The fall's pair of dominant topics on the news agenda continued doing double duty. Campaign '08 was Story of the Day, as most time was devoted to the pregame show for primetime's town hall style debate between John McCain and Barack Obama in Nashville. Tom Brokaw, former anchor of NBC Nightly News will moderate, selecting questions to be posed by members of the audience. None of the newscasts treated the debate as its lead, however, and, unlike the first Presidential debate in Mississippi eleven days earlier, none of the anchors traveled to Tennessee to cover the town hall in person. Charles Gibson of ABC was in Ohio on his Battleground Bus Tour; the other two anchors prepared to watch the debate on television from New York City. It was the financial crisis that kicked off all three newscasts, as the Federal Reserve Board announced it would use government money to try to restart the credit market in commercial paper by making short-term loans to corporations.

Pick your metaphor. CBS' Anthony Mason imagined winter plumbing seeing the Fed's decision to buy commercial paper as "a blowtorch to thaw the frozen credit markets." NBC's Tom Costello chose disability, calling it "a dramatic step to get the paralyzed credit markets moving again." ABC's Betsy Stark mixed the timber industry with a game of football: it was a "major new offensive to break the logjam in the credit market" yet there "is no playbook for this unprecedented crisis. Policymakers are making it up as they go along."

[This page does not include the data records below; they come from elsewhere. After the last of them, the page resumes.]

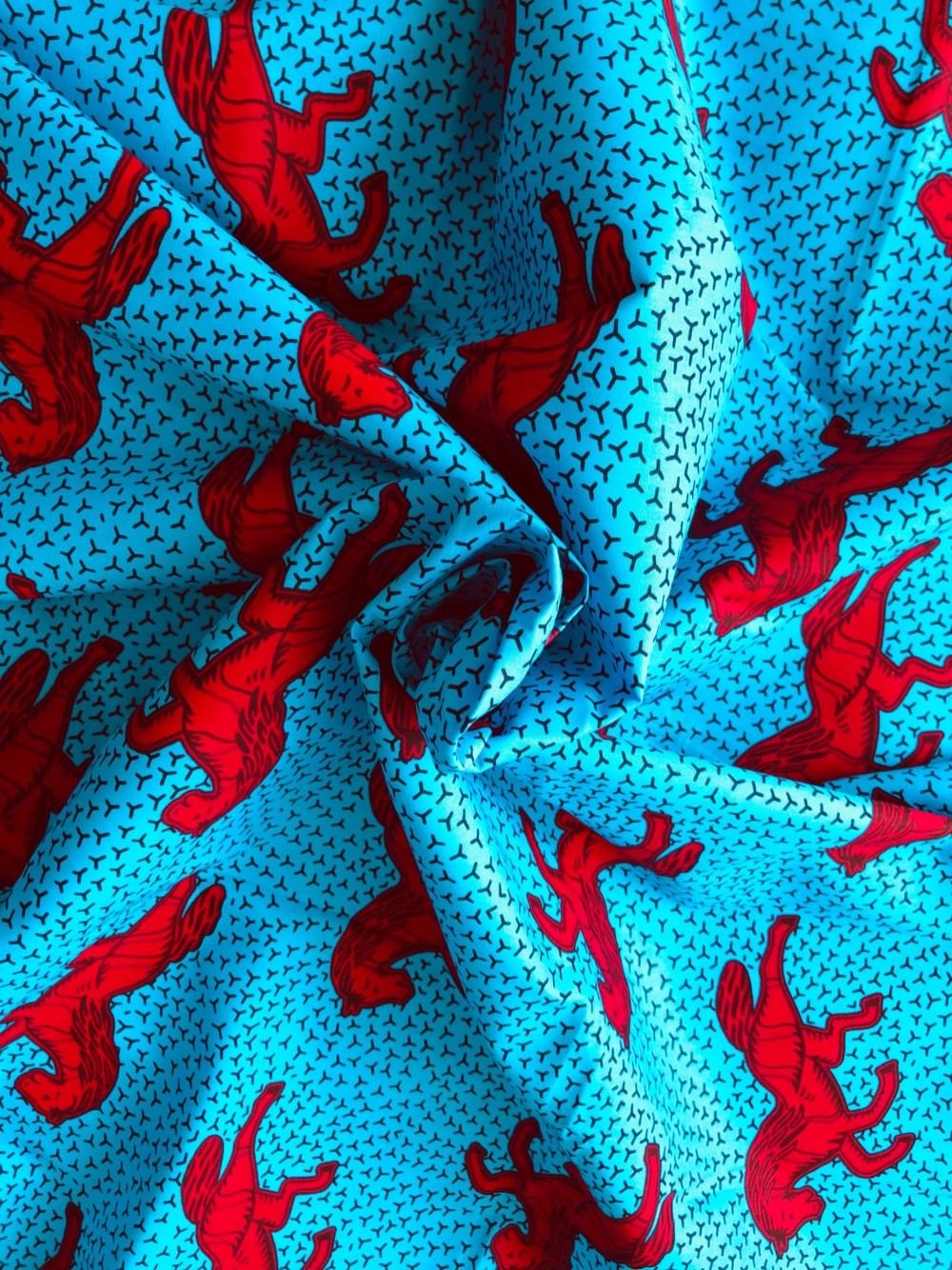 アフリカ布 90cmカット売り/馬柄ブルー 166 生地 makhana 通販 7920078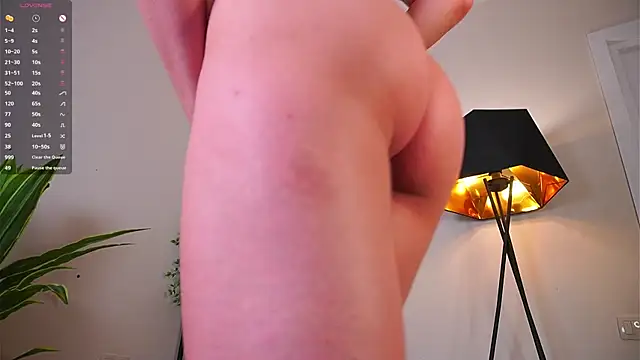 JacquelineKnore webcam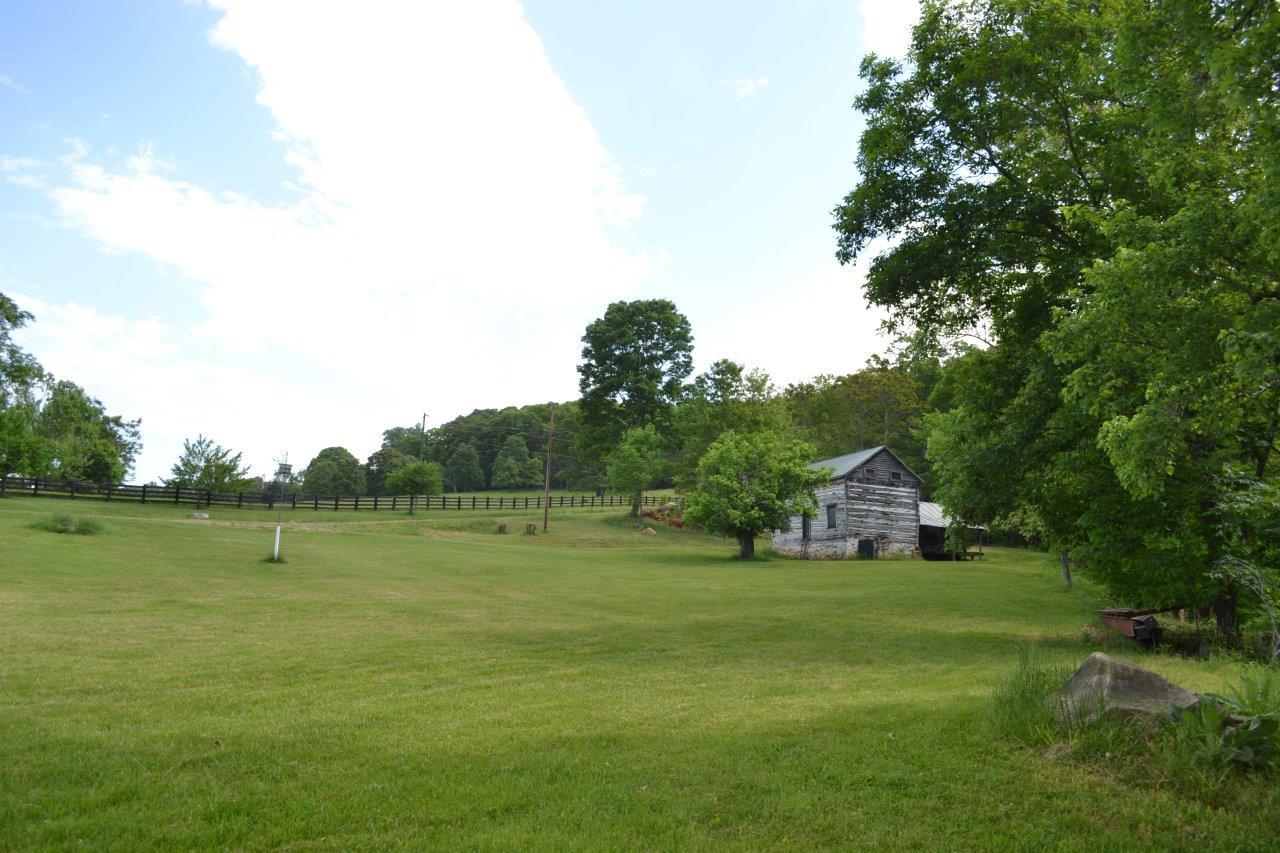 2278 Solitude Road Buchanan, VA 24066 - Photo 12 of 46 DSC_0373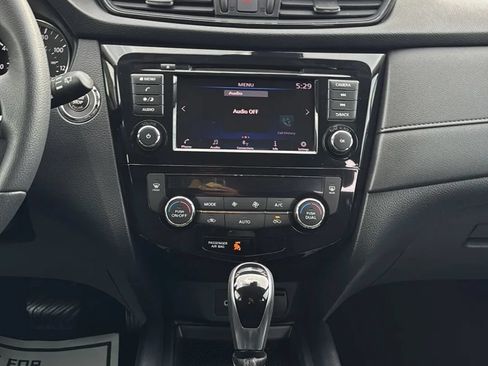 Used 2019 Nissan Rogue SV FWD image 45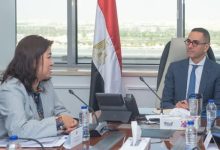 حسن الخطيب: الربط بين الاستثمار والتجارة ركيزتين أساسيتين لتعزيز التنمية الاقتصادية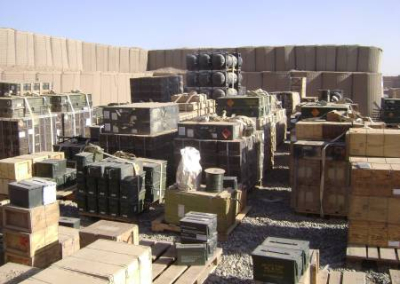 Дуглас Макгрегор: наши склады с боеприпасами быстро пустеют, а заводы не успевают производить больше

Yet bad news kept coming anyway. On Wall Street, the bears continued triumphant. The Dow Jones Industrial Average fell 508 points to 9447. The Congressional Budge Office estimate that the face value of retirement accounts has taken a $2tr haircut over the past 15 months. The International Monetary Fund predicted a major global recession. And CNBC's Michelle Caruso-Cabrera reported from Luxembourg for NBC that European financial ministers failed to agree on a coordinated course of action: "What you are seeing is this global interconnected financial system really locking up."